* _Exercise data_
● ● ● ● ●

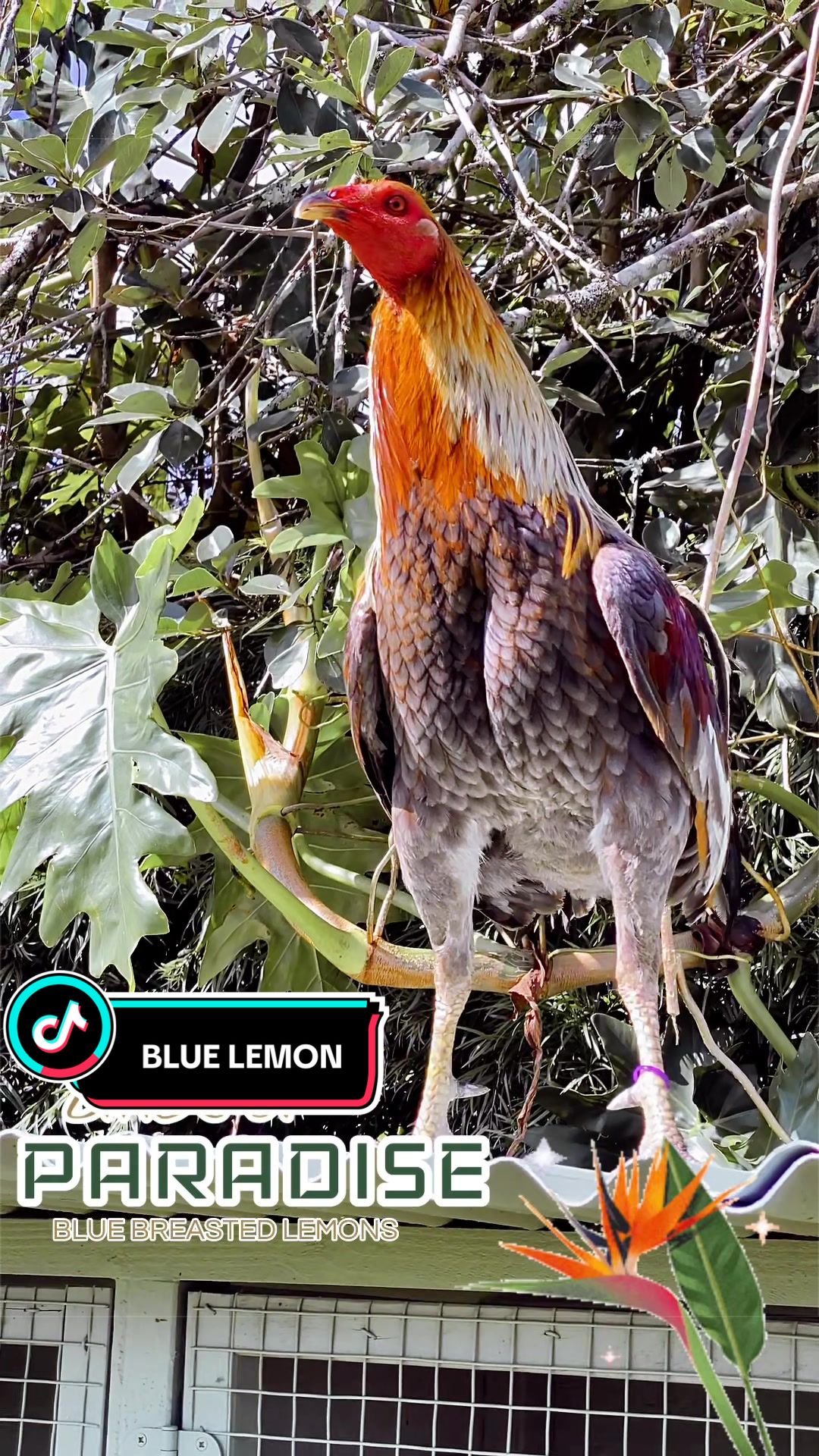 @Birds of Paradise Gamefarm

● ● ● ● ●

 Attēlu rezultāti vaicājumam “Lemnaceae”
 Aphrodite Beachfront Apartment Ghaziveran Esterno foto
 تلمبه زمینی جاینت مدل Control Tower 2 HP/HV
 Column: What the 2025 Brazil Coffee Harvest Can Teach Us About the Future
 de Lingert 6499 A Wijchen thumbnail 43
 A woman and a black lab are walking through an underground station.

● ● ● ● ●

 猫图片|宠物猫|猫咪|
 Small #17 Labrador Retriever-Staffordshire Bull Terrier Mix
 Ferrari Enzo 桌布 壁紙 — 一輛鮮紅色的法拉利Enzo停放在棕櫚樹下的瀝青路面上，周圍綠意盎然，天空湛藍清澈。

● ● ● ● ●

* _Your goal_
Above are the lines; repeat exactly the ones from the line containing "تلمبه زمینی جاینت مدل Control Tower 2 HP/HV" down to the line containing "A woman and", both inclusive.

* _Task solution_
 تلمبه زمینی جاینت مدل Control Tower 2 HP/HV
 Column: What the 2025 Brazil Coffee Harvest Can Teach Us About the Future
 de Lingert 6499 A Wijchen thumbnail 43
 A woman and a black lab are walking through an underground station.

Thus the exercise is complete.